To launch both, the Secretary of State (SoS) gave a 30 minute speech, in which he promoted the reasoning behind the changes made, those still to come, his desire for the nation to be “building, growing, daring” and “falling back in love with the future”.
The Government’s response to the December 2022 consultation of reforms to planning policy, published on the same day, includes a detailed explanation of the changes made to the NPPF, as well as consultation outcomes that will take effect or be consulted upon further in due course.
The Housing Delivery Test 2022 results were also published (having been expected in January 2023 based on the year ending March 2022).
The revised NPPF updates the previous September 2023 NPPF, which was the July 2021 NPPF plus the changes to onshore wind energy policy.
The changes to the NPPF are outlined in this blog and discussed in more detail in these blogs:

Changes to 5YHLS under the revised NPPF: Not Great, Not Terrible by Harry Bennett

Housing need cannot be ignored like an unwanted Christmas present by Simon Coop

No Excuses: Unlocking Local-Plan Making? by Isabella Tidswell

The WMS summarises (in the Government’s words, of course) the key changes to the NPPF and the reasoning behind them.
This is followed by reference to a variety of new performance measures, including, local plan interventions, and an independent review of the London Plan.
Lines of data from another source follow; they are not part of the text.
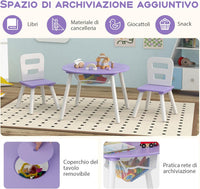 Set Tavolo Rotondo con 2 Sedie per Bambini, Set 3 Pezzi con Tavolo Attività di Legno, con Borsa a Rete, Mobile per Camera da Letto Sala Giochi per Bambini (Viola)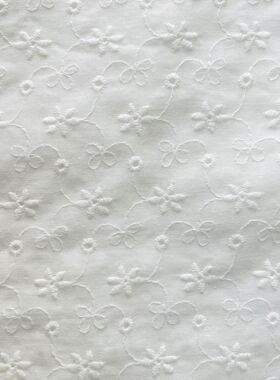 纯棉镂空绣花布打孔白色蕾丝面料9088棉布刺绣提花帽子服装辅料布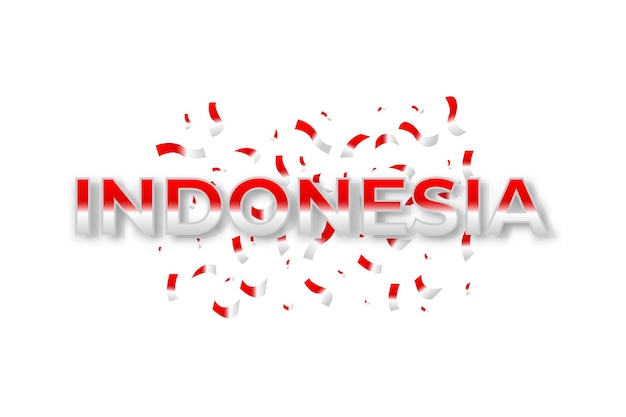 Tipografía indonesia con bandera ondeando fondo de celebración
Planning application performance measures include changes to extension of time policy and the designation of two new s62A planning authorities (Chorley and Fareham).
The WMS also announces a Cambridge Development Corporation, a new traveller policy (following a court judgment) and intended new building regulations relating to water efficiency in new homes and an interim approach to agree tighter standards, in areas under water stress.
In addition, the WMS makes reference to immediate changes and to proposals for the future, including introducing provisions in the LURA, notably enforcement provisions, in the short term. And there will be “a consultation on measures to improve build out rates once the Competition and Markets Authority has published its final report as part of their housebuilding market study in 2024".
The WMS also reminds councils that “development should proceed on sites that are allocated in an adopted local plan with full input from the local community unless there are strong reasons why it cannot; councils should be open and pragmatic in agreeing changes to developments where conditions mean that the original plan may no longer be viable, rather than losing the development wholesale or seeing development mothballed; and better use should be made of small pockets of brownfield land by being more permissive, so more homes can be built more quickly, where and how it makes sense, giving more confidence and certainty to SME builders”.
Some of the announcements in the WMS that will take effect immediately or imminently are discussed in these blogs:

All stick and no carrot - New planning performance measures and a crackdown on the extension of time by Sean Farrissey

Khan you do it like that? Or Cam you do it like this? Gove’s targeted housebuilding armament by Paddy Hynes

Overall, the 20 December 2023 planning announcements and publications are wide ranging and have more than a housing focus. However, the most immediately impactful are those relating to planning for housing.